WEEKS: A number of people, German economists too, have said we need a policy in which growth is tied to increases in money wages. And the increases in real wages are tied to increase in productivity. This was in fact the practice in the 1950s and the 1960s. I mean, that’s what European governments sought to achieve through various mechanisms, pacts between—tripartite pacts with government, labor, and business, in which you—the rising—the incomes of workers and a majority of the population moved in step with productivity and with growth. We need to return to something like that. I don’t see it happening, but that is the only way there will be sustained growth at at least a moderate pace in the major economies, and, by implication, at the global level.

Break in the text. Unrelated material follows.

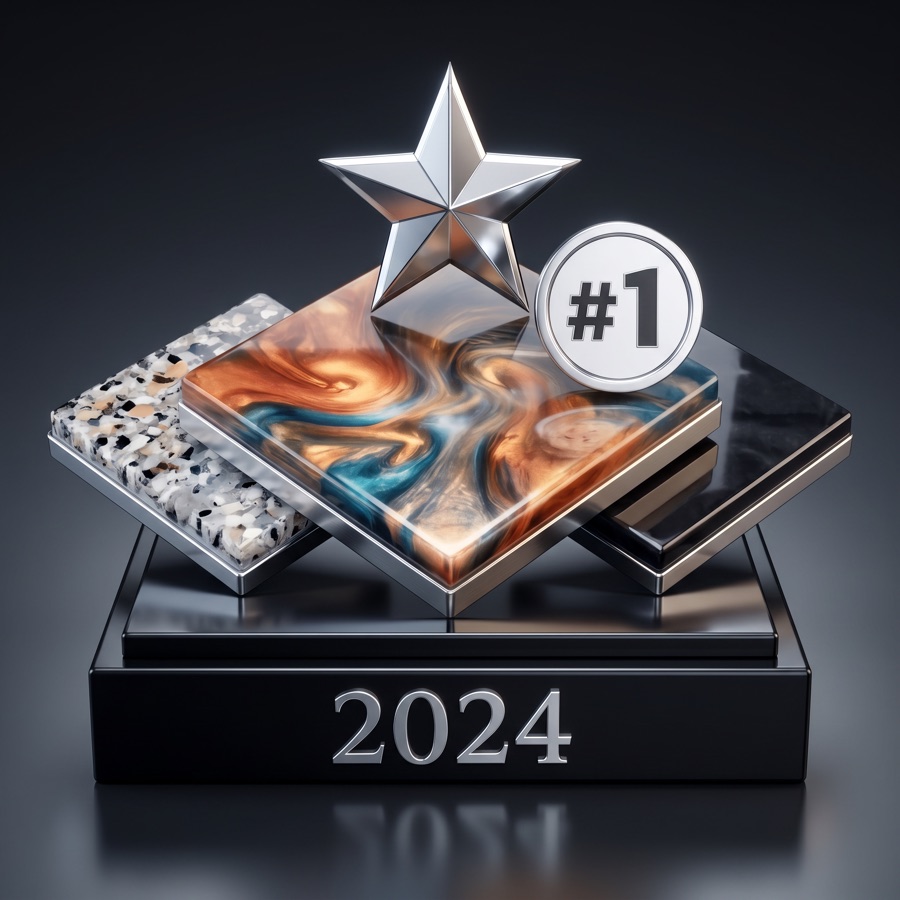 FloorRank 2024 trophy, Silver Standard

JAY: Now, twice you’ve said, I don’t see that happening. So what do you see happening?

WEEKS: Well, when you interviewed me (I don’t know if you recall it) in October of last year, I said there was going to—very likely to be another major financial crisis, and it would probably be the coming year, that is, in 2012, and that it would be around the euro. You didn’t have to be Nostradamus to make that prediction, let me say.

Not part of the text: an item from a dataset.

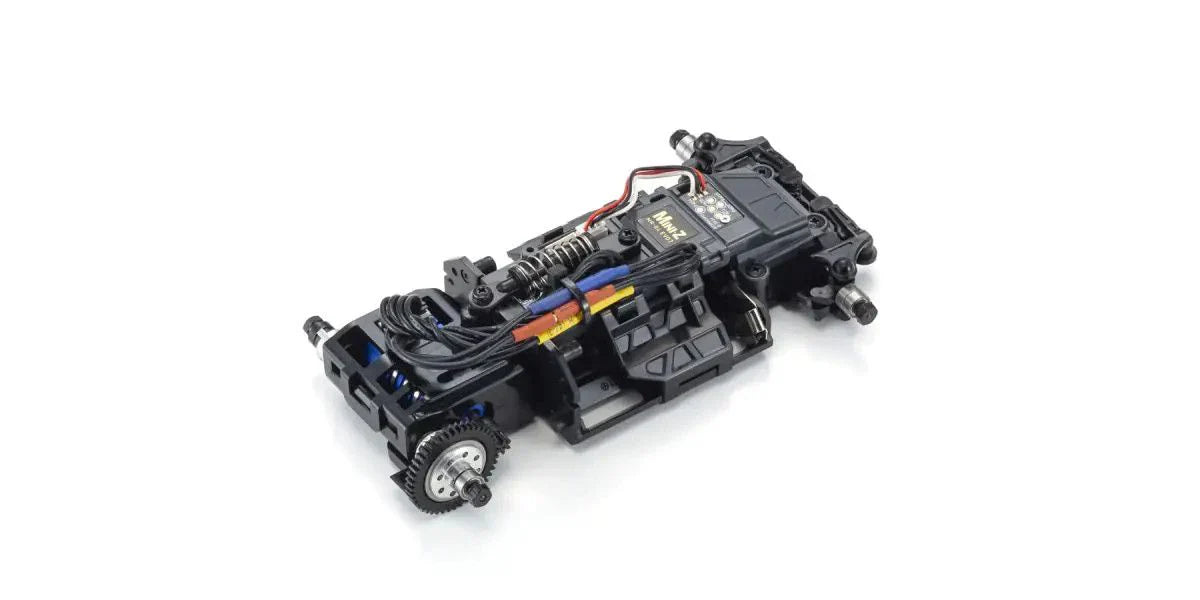 Kyosho 32894G MINI-Z Racer MR-04EVO2 Chassis Set (W-MM/5600KV) w.V2 Gyro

[incompr.] what will happen? People argue, well, you know, should Greece drop out? Should Greece default? What will—you know, with the—wouldn’t it be mad to default? Things are out of control. Greece is going to default. This is—if I can take a phrase from Gabriel García Márquez, this is a chronicle of an exit foretold. Sometime next month, Greece will default. There will be an election. If the left is elected, then you’ll have a controlled default. To a certain extent it will be controlled. At least there will be an attempt to manage it. If the leaders of the other European countries are successful in frightening Greek population into reelecting the same clowns and thieves that got Greece into this austerity mess, then also there will be default and exit, but it will be chaotic, because what’s happening—as you’ve said, what’s happening in Greece is the result of the austerity. Austerity prevents the government from having the revenue to service the debt. Without growth, there is no conceivable outcome other than default.

JAY: And then what?

WEEKS: Well, I think that’s [incompr.] ability to predict, but I would say that it’s conceivable Greece could default and stay in the euro. And that would involve more of the same misery, only even worse. More likely, I think, is that they’ll default and be abandoned. I think that in Germany and in the European Commission, leaders are already planning for Greece to exit. I think they take the position that, you know, the Greeks have been a problem for too long, they can’t solve the problem on Germany’s terms, so if they default, then just push them out.

Then what happens to the euro? Many people say it will break up. I would say that depends on what the other weak countries do, ’cause, see, Germany is one of the strongest economies in the world, so it’s inconceivable that you can have a collapse of a currency which is being used by one of the strongest countries in the world and a country which is growing—not very fast, and on the basis of beggar-thy-neighbor policies, but still it’s growing. So I don’t think they will enter a period of very extreme financial instability. Banks will go bust, particularly in Spain. Perhaps some of the viewers have been reading or seeing reports about the banks in Spain. It’s almost certain that they’ll need to be bailed out again. Then what will happen? Will the Germans say, well, Spain has become too much of a problem too? It will be a very chaotic situation. How chaotic and how it will be resolved I don’t know. We’ll really be in, you know, uncharted territory, if I can use a cliche.

JAY: Thanks for joining us, John.

WEEKS: Well, thank you for having me.

JAY: And thank you for joining us on The Real News Network.